The Republic of Palau is part of the Micronesian region in the western Pacific Ocean. Consisting of a series of islands, Palau is about 458 square kilometers in total size with a population of 21,726. Palau is famous for its beautiful natural environment. Its coral reefs are known as one of the “Seven Underwater Wonders of the World.” The water quality in Palau is considered to be safe for its citizens. However, due to the development in Palau in the recent years and the lack of awareness of protecting drinking water sources, poor water quality may become a huge problem in the future.
Palau’s main water sources are the Ngerikiil River and the Ngerimel Dam. The Ngerikiil River is a freshwater stream that is widely used for residential and agricultural purposes. The Ngerimel Dam has a storage capacity of 20 million gallons of water. Both water sources are well-protected and minimal human activity exists in the watershed area. The Ngerkiil River produces one million gallons per day and the Ngerimel Dam produces three million gallons per day.
The water is fed into the Koror-Airal water treatment plant for use by three-fourths of the population of Palau. The water is collected in a chamber called the “wet well,” where minerals are added.
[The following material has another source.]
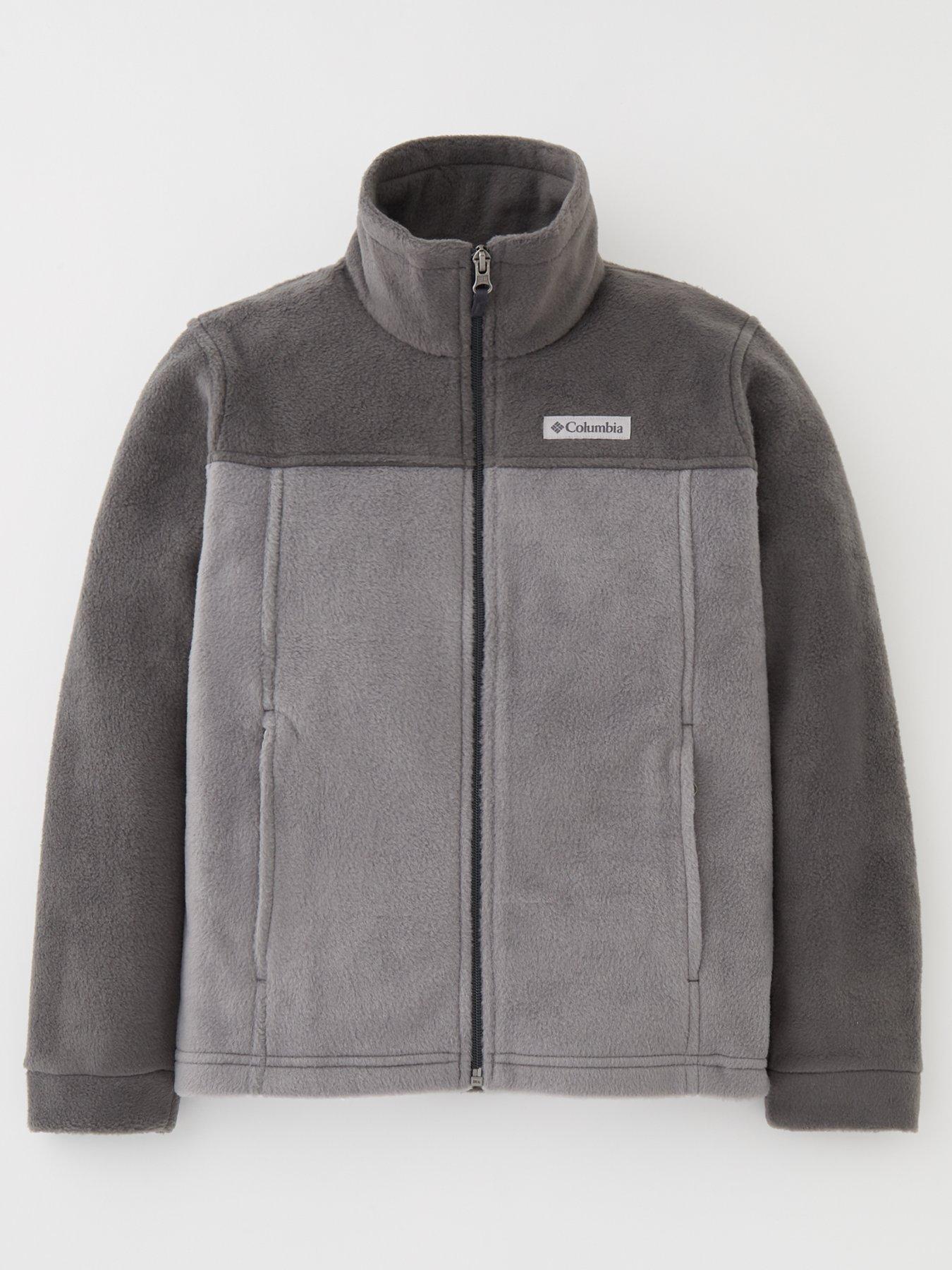 Columbia men's full hot sale zip fleece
Then the water is pumped into a series of clarifiers in order to remove suspended solids.
Palau’s surface water, groundwater and coastal water qualities are facing challenges from pollution. Sedimentation is the main source of pollution and lowers the quality of surface water. The sedimentation is caused by poor erosion controls, loss of riparian buffers, and poor land-use practices. The groundwater sources are polluted by poorly maintained septic tanks, leaching from nearby landfills and saltwater intrusion. Coastal water quality is affected by land-based pollution, as well as by gasoline and oil from outboard motors and ships. According to the Pacific Water Community, the water quality in Palau may also face challenges such as sewage, chemical pollution and oil spills due to future development on the larger islands.
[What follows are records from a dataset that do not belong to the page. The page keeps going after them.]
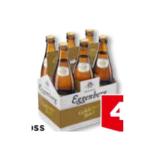 Schloss Eggenberg Goldener Bock Unimarkt 0.50 Liter 6 Stück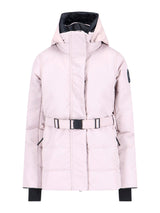 Canada Goose mckenna Pink Nylon Jacket - Women - Piano Luigi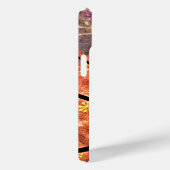 Coques Case-Mate iPhone Filles Basketball girly rose violet (Verso / Droite)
According to studies by the Pacific Water Community, the water storage and treatment process also has hidden trouble. The drinking water is facing the threat of chemical contamination. The water storage and treatment facilities do not have enough funds to purchase relevant equipment or to carry out repairs and maintenance.
Palau’s government noticed some of the pollution and has started to reduce the causes. The government is trying to improve land-use management within the watershed and drainage around roads to reduce the pollution in the surface water. A better filtration system will be added to the water treatment process to remove suspended solids. To prevent the catchment being affected by human and animal contamination, the Palau government is trying to establish stringent catchment management plans. The water storage and treatment facilities will receive more funding in the near future for better equipment.
In conclusion, the water quality in Palau is not a problem so far. However, it will become a huge problem for Palau’s citizens in the future if the pollution continues. The water quality problem needs more attention from Palau’s government.